• _WORK REQUEST_: A verbatim copy of the full data, with no pictures, is the expected answer.

• _AVAILABLE DATA_:
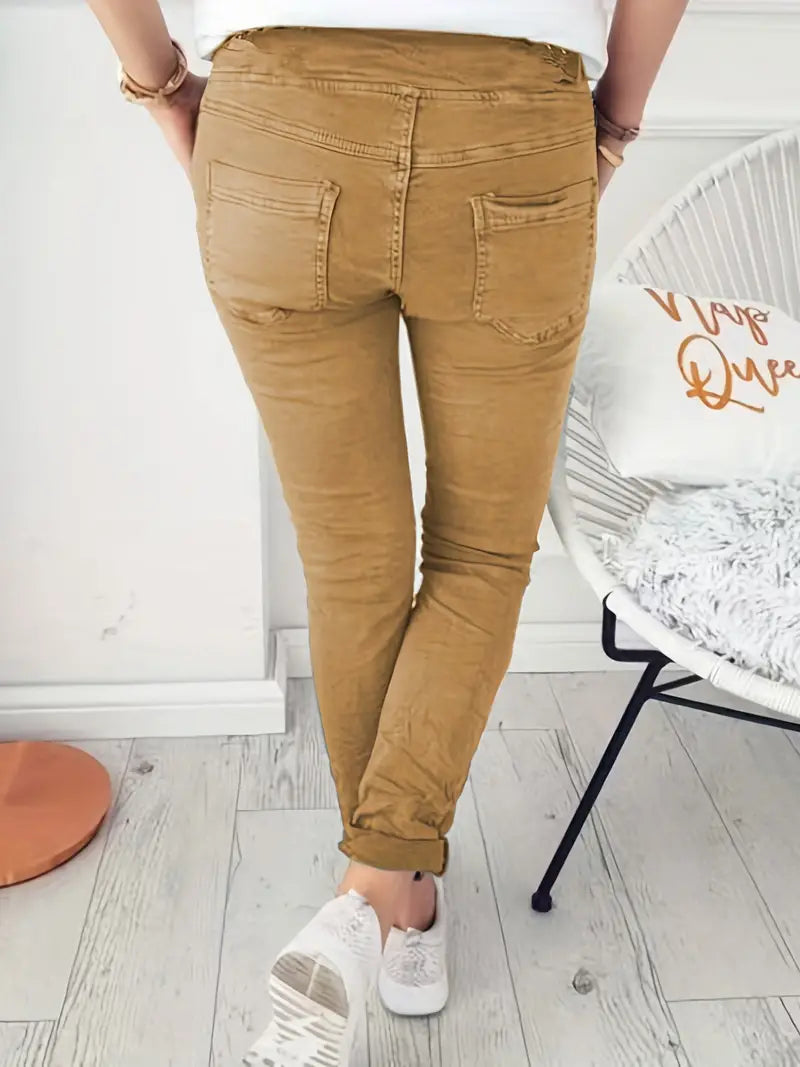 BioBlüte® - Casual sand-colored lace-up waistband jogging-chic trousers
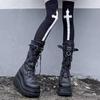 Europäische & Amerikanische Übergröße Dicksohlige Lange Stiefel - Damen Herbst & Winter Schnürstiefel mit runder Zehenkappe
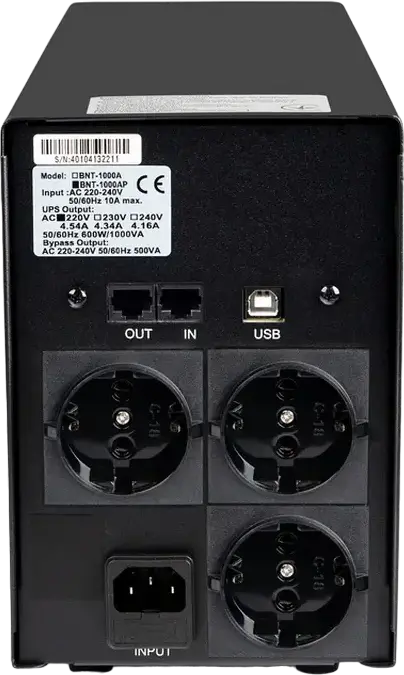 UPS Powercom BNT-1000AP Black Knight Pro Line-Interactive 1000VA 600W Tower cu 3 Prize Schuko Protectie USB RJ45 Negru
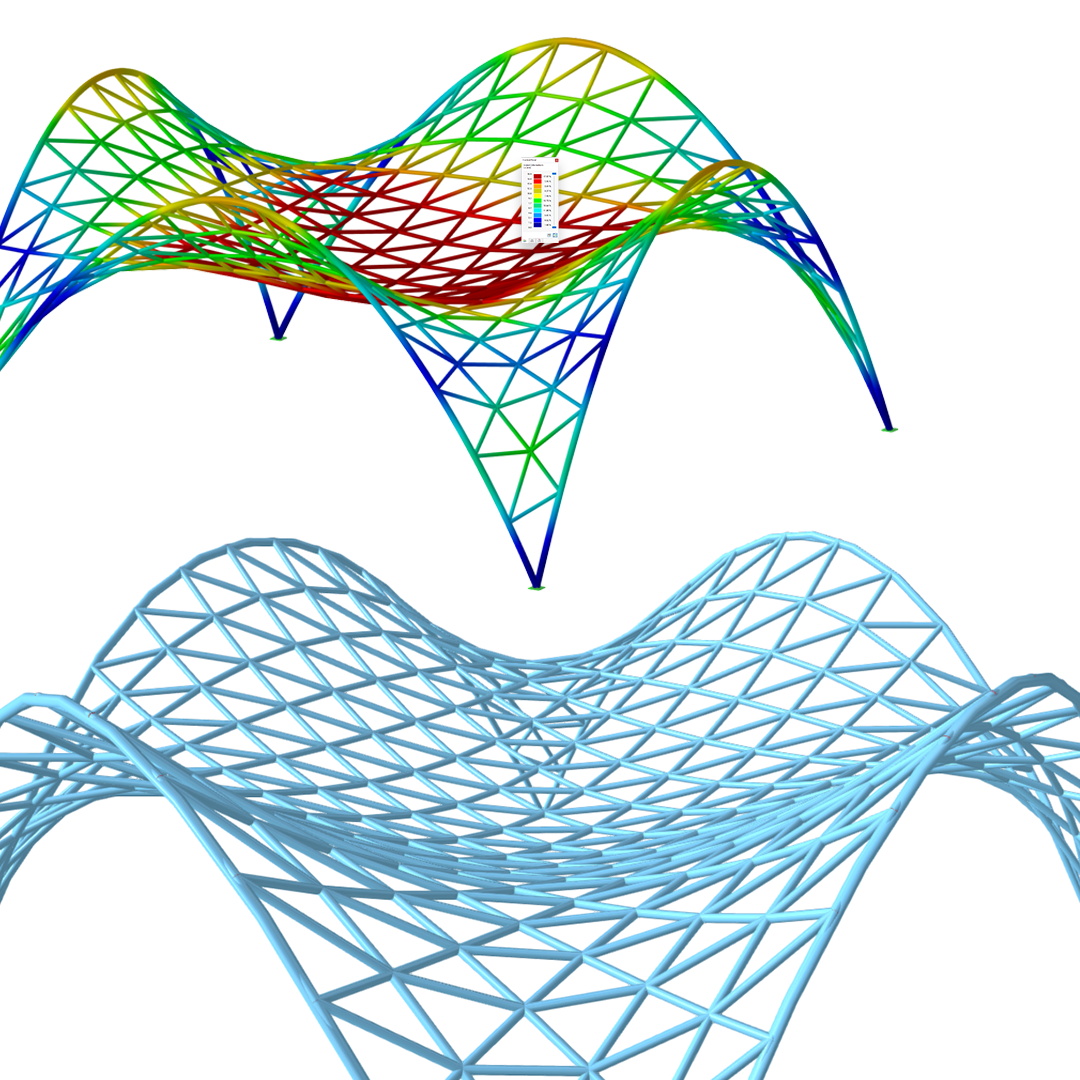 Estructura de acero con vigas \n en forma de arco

• _RESPONSE BELOW_:
 BioBlüte® - Casual sand-colored lace-up waistband jogging-chic trousers
 Europäische & Amerikanische Übergröße Dicksohlige Lange Stiefel - Damen Herbst & Winter Schnürstiefel mit runder Zehenkappe
 UPS Powercom BNT-1000AP Black Knight Pro Line-Interactive 1000VA 600W Tower cu 3 Prize Schuko Protectie USB RJ45 Negru
 Estructura de acero con vigas \n en forma de arco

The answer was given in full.